Sunday, April 3, 2011

Breath of Hope


(A sermon based on Ezekiel 37 and the vision of the valley of dry bones)

     This valley of dry bones that Ezekiel is led to in his vision seems pretty crazy to most of us, perhaps something out of the opening of a modern sci-fi film – a vast, desolate plain littered by dry and brittle bones. And yet, in our own time and experience, we know the sort of thing he is talking about, this vision is not as strange as we would like to think it is. We have seen them, in news reels and magazines and newspapers and documentaries, the countless trenches dug for mass graves in Germany, in Poland, in Russia, in Cambodia, in Rwanda, in Bosnia, silent testimony to man’s violence and inhumanity during the time of war.

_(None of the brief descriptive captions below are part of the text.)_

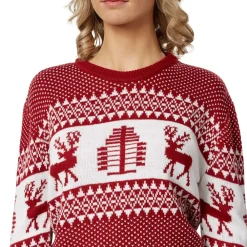 ® Weihnachtspullover Winterwunderland rot-weiß für Frauen ^ TecTake Hot
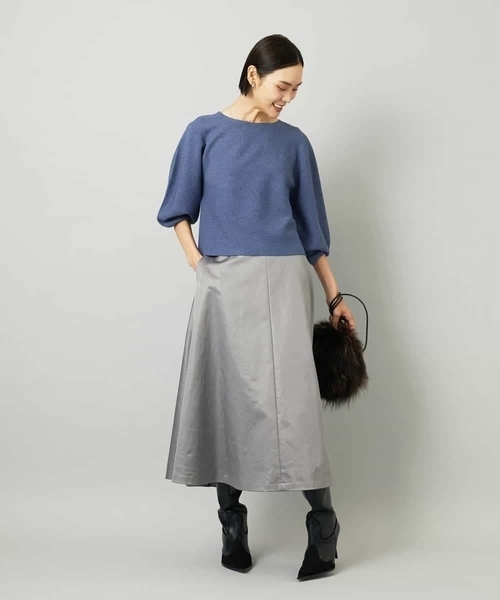 MICHEL KLEIN（ミッシェル・クラン）の「ホールガーメント(R)ラメニット（ニット/セーター・レディース・モカ/カリビアンブルー/ライトグレー・38）」の18枚目の写真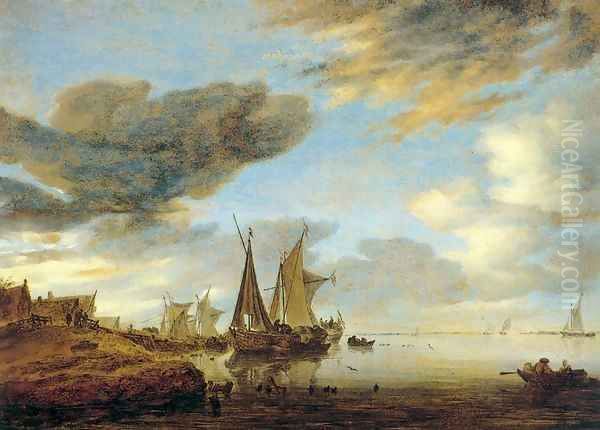 Sailing Boats near a Village - view 1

And time and again we have seen those photos and videos of communities beset by natural catastrophes, earthquakes in Turkey, mudslides in central America, most recently of the devastation wrought by the tsunami in northern Japan, where whole communities were wiped off the face of the earth.

            Like Ezekiel, we stand before the pit of grief and ask, Can these dry bones live? In a place where it seems like there is no future, can there be new life? In a time when the despair is overwhelming, can there be hope?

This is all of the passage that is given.